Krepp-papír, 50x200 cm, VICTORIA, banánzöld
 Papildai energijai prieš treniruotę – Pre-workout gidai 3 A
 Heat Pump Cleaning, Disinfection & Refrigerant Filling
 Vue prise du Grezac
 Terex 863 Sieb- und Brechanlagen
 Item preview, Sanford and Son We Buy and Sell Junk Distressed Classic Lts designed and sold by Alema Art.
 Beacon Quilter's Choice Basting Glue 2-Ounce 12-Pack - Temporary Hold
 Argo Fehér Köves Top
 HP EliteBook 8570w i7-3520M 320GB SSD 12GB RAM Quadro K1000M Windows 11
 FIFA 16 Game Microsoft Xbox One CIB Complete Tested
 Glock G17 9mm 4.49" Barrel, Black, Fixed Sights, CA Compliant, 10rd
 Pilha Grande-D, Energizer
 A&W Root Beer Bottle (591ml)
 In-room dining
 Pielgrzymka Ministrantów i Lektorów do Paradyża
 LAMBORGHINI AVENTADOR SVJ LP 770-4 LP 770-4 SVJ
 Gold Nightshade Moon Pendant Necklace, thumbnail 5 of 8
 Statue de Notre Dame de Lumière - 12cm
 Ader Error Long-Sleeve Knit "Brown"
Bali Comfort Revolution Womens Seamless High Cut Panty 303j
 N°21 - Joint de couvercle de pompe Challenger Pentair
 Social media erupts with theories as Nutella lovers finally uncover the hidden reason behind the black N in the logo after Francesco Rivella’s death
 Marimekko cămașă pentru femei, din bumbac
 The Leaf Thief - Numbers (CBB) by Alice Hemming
━━━━━━━━━━━━━━━━━━━━
• [About this exercise]
From the first line of the material above down to the line with "HP EliteBook 8570w", output each line exactly; include both of those lines and add no others.

• [Answer to the problem]
Krepp-papír, 50x200 cm, VICTORIA, banánzöld
 Papildai energijai prieš treniruotę – Pre-workout gidai 3 A
 Heat Pump Cleaning, Disinfection & Refrigerant Filling
 Vue prise du Grezac
 Terex 863 Sieb- und Brechanlagen
 Item preview, Sanford and Son We Buy and Sell Junk Distressed Classic Lts designed and sold by Alema Art.
 Beacon Quilter's Choice Basting Glue 2-Ounce 12-Pack - Temporary Hold
 Argo Fehér Köves Top
 HP EliteBook 8570w i7-3520M 320GB SSD 12GB RAM Quadro K1000M Windows 11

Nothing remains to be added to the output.